A year ago, low-income residents of the Mount Vernon Plaza apartments at 930 M St. NW were offered a deal. The building’s affordability period mandated by government loans had expired, the property owner, the Williamsburg, Va.-based Bush Companies, informed them. Bush was therefore allowed to raise their rents to market levels, which would mean more than doubling them for some tenants. But the developer told tenants they could get a discount if they agreed promptly, in the form of 12 months of rent at a level halfway between their current rates and the market ones.

That still amounted to increases of around $600 per month or more, for tenants who qualify for affordable apartments because they fall under certain income thresholds. Many residents simply couldn’t afford to pay the increase, discount or not, and feared they’d have to move out. Now, with the 12-month discount period nearly over, the tenants who remained faced the prospect of the full rise to market rents.

On Oct. 21, however, the D.C. Department of Housing and Community Development sent a letter to Bush ordering the company not to raise the rents beyond the levels affordable to the low-income tenants.

“DHCD is hereby demanding that the Property Manager ceases and desist [sic] with issuing these letters [requesting higher rents] and cease and desist with any attempts to raise the rents on the rent restricted units without DHCD consent and in violation of affordability restrictions,” DHCD Loan Risk and Portfolio Specialist Robert A. Hayden III wrote.

The terms of the affordability restrictions are hardly clear, since there were a tangle of loans and leases when Bush and the local and federal governments made their arrangements in the late 1980s. But it’s DHCD’s understanding that 63 units in the building must remain affordable for the duration of the ground lease through which the city rents the land to Bush.

“The Lease term is sixty (60) years from the date that the Federal Housing Administration issues a certificate of project completion,” says DHCD spokesman Marcus Williams in an email, “and based on available information the project lease term will end in 2049.”

In other words, Bush can’t raise the rents on these 63 units to market levels until 2049. A Bush spokeswoman did not return a call for comment.

That could mean a substantial reprieve for tenants who thought they’d have to move out before market rents took over in the new year. But it’s no help to residents who already left, unable to afford the “discount.”

And for residents like Alem Ghebremariam, the effect is unclear. Ghebremariam, who’s lived at Mount Vernon Plaza for 18 years, has been paying $935 a month. But his son recently moved out to go to college, and he wanted to take in a roommate to help cover the rent for his two-bedroom apartment. When he sought the property manager’s permission, he was told that he and the roommate would need to apply as new tenants, and their rent would go up to market rate, or $2,200 a month. Unable to afford that increase, he took a deal from the property manager to get a month’s free rent and move out at the end of October—-by tomorrow.

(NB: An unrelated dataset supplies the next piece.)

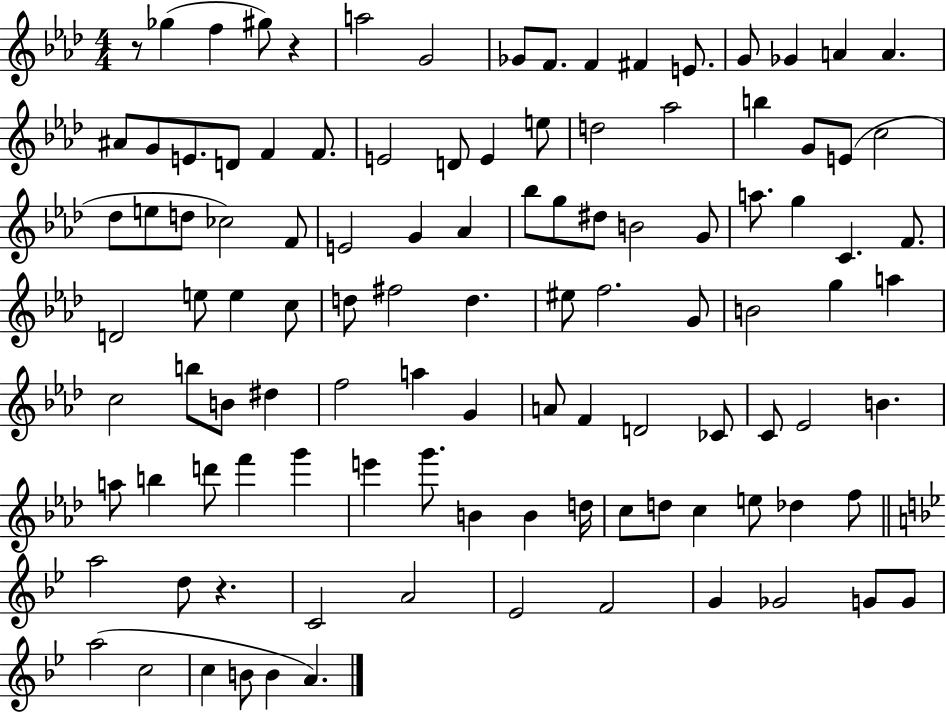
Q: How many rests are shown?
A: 3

Now that the rent increase is being challenged, Ghebremariam wants to stay. But he says the property manager won’t let him, and insists he move out after tonight.

“I don’t know what I’m going to do,” he says. “I’m going to tell them again I’m not going to give the key.”

But there’s a bright spot for him: Until the matter with DHCD is settled, he thinks Bush will have trouble forcing him to leave. “I don’t know how they’re going to kick me out,” he says. “They have to go by the court, I guess.”